Records from a collection:
++++++

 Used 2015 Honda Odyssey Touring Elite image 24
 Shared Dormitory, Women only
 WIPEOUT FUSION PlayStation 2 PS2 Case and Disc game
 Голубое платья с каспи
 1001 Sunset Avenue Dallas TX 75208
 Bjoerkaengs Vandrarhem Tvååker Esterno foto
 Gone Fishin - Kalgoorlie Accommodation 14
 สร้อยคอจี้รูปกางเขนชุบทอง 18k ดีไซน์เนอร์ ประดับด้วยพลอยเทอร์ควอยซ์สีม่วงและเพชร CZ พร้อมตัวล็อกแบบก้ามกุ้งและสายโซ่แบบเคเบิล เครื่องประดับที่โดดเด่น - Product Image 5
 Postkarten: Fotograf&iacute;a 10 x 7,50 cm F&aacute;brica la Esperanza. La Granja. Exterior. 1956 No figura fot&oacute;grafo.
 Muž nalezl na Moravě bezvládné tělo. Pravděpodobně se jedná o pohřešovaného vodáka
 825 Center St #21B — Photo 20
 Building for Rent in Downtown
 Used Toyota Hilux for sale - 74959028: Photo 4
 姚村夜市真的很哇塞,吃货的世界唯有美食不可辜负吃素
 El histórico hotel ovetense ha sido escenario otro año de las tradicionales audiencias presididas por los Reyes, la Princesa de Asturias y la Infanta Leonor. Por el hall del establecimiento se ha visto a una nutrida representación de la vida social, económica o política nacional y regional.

++++++

## [Assignment]
Give only a number, namely how many lines in the entries above hold the word "Used".

## [Solution]
2